子宮頸部が拡張する原因とは?
子宮頸部の役割と拡張の仕組み
子宮頸部は子宮の狭い下部に位置し、膣へと開口しています。妊娠中は閉じた状態を保ちますが、陣痛が始まると徐々に開き(拡張)ます。拡張はセンチメートル(cm)で測定され、出産には約10cmまで拡張する必要があります。
拡張を促す主な要因
1. オキシトシン:下垂体から分泌されるホルモンで、子宮筋を収縮させます。この収縮が子宮頸部を押し開き、胎児が産道へと下がります。
2. プロスタグランジン:妊娠・分娩時に体内で産生されるホルモンで、子宮頸部を柔らかく熟成させます。これにより自然な拡張がスムーズになります。
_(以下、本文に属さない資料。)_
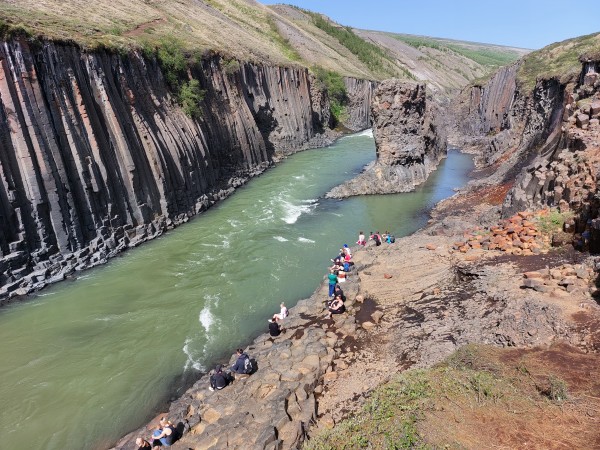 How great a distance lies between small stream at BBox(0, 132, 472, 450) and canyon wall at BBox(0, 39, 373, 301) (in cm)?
163

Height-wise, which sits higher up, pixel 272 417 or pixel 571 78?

3. 胎児の圧迫:分娩時に胎児が骨盤へ降りてくると、子宮頸部に直接圧力がかかります。この圧力が頸部を伸ばし、拡張を助けます。
4. 人工的な拡張手段:自然な進行が遅い場合や医療的な必要があるときに、人工的に頸部を拡張することがあります。主な方法は以下の通りです。
- 機械的拡張:拡張器やバルーンなどの器具を用いて頸部を物理的に広げます。
- 薬理的拡張:ミソプロストールやジノプロストンなどの薬剤を投与し、頸部を柔らかく熟成させます。